Die Struktur dieser Verbindung wurde 1936 von W. Büssem und A. Eitel am Kaiser-Wilhelm-Institut für Silikatforschung in Berlin-Dahlem aufgeklärt. Im Zuge der Strukturaufklärung korrigierten sie die Zusammensetzung zu 12CaO * 7Al2O3.[6]
Wadalit, ein Chlorosilikat mit der von Büssem und Eitel bestimmten Struktur des 12CaO * 7Al2O3, wurde 1993 von Tsukimura und Mitarbeitern in einem Skarn-Xenolithen eines Andesit bei Tadano nahe Kōriyama in der Präfektur Fukushima, Japan entdeckt.[7] 17 Jahre später, 2010, konnte Wadalit zum ersten Mal in einem Meteoriten nachgewiesen werden.[8]
Im gleichen Jahr beschrieben Mihajlovic und Mitarbeiter einen eisenreichen Wadalit aus einem Karbonat-Xenolithen aus dem Leuzit-Tephrit, der im Steinbruch der Firma "A. Caspar" am Bellerberg-Vulkan bei Mayen in der Vulkaneifel in Rheinland-Pfalz, Deutschland abgebaut wird und konnten zeigen, dass dessen Zusammensetzung auch durch die Mischung mit einem hypothetischen Mg-Si-Analog von Wadalit variiert wird.[9]
Im Jahr 2014 schließlich wurde das Mineral Adrianit mit der idealisierten Zusammensetzung dieses Mg-Si-Analogs von Wadalit im Allende-Meteoriten nachgewiesen und von der CNMNC der IMA anerkannt. Benannt wurde es nach dem Mineralogen und Kosmochemiker Adrian J. Brearley von der University of New Mexico in Würdigung seiner zahlreichen Beiträge zur Mineralogie von Meteoriten.[2][3]

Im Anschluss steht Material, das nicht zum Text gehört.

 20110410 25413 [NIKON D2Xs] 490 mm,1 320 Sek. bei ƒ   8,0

Die Publikation der Beschreibung von Adrianit zog sich noch bis 2018 hin. Adrianit wurde daher bei der Neudefinition der Wadalitgruppe in der Mayenit-Obergruppe durch E. V. Galuskina und Mitarbeiter zwar erwähnt aber nicht mehr berücksichtigt.[10]
Klassifikation
In der aktuellen Klassifikation der International Mineralogical Association (IMA) gehört Adrianit zusammen mit Wadalit und Eltyubyuit in der Mayenit-Obergruppe zur Wadalitgruppe mit mehr als 4 Cl und 2 Si pro Formeleinheit.[3]

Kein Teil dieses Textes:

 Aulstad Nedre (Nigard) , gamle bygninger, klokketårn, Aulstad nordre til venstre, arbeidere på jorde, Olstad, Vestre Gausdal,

Die seit 1977 veraltete 8. Auflage der Mineralsystematik nach Strunz führt den Adrianit nicht auf. Als Magnesium-Silicium-Analog von Wadalit wäre er zur „Granatgruppe“ mit der System-Nr. VIII/A.08 in der Abteilung der „Inselsilikate (Nesosilikate)“ gezählt worden.
Die seit 2001 gültige und von der International Mineralogical Association (IMA) bis 2009 aktualisierte[11] 9. Auflage der Strunz’schen Mineralsystematik kennt den Adrianit ebenfalls noch nicht. Hier würde er ebenfalls in die „Granatgruppe“ mit der System-Nr. 9.AD.25 in der Abteilung der „Inselsilikate (Nesosilikate)“ gehören.
Auch die vorwiegend im englischen Sprachraum gebräuchliche Systematik der Minerale nach Dana führt den Adrianit noch nicht auf. Er würde zusammen mit Wadalit in die unbenannte Gruppe 51.04.05 der Abteilung der „Inselsilikatminerale“ eingruppiert werden.
Chemismus
Das reine Adrianit-Endglied hat die Zusammensetzung [X]Ca12[T](Mg2+10Si4+4)O32[W]Cl6 und ist das Magnesium-Silicium-Analog von Wadalit ([X]Ca12[T](Al3+10Si4)O32[W]Cl6), mit dem es Mischkristalle bildet entsprechend der Austauschreaktion[9][3]
- [T]Mg2+ + [T]Si4+ = 2[T]Al3+ (Wadalit).
Hierin sind [X], [T] und [W] die Positionen in der Mayenitstruktur.
Die Zusammensetzung aus der Typlokalität ist
- [X](Ca11,69Na0,21)[T](Al3,85Mg2,88Si7,23)O32[W][Cl5,80□0,20][3]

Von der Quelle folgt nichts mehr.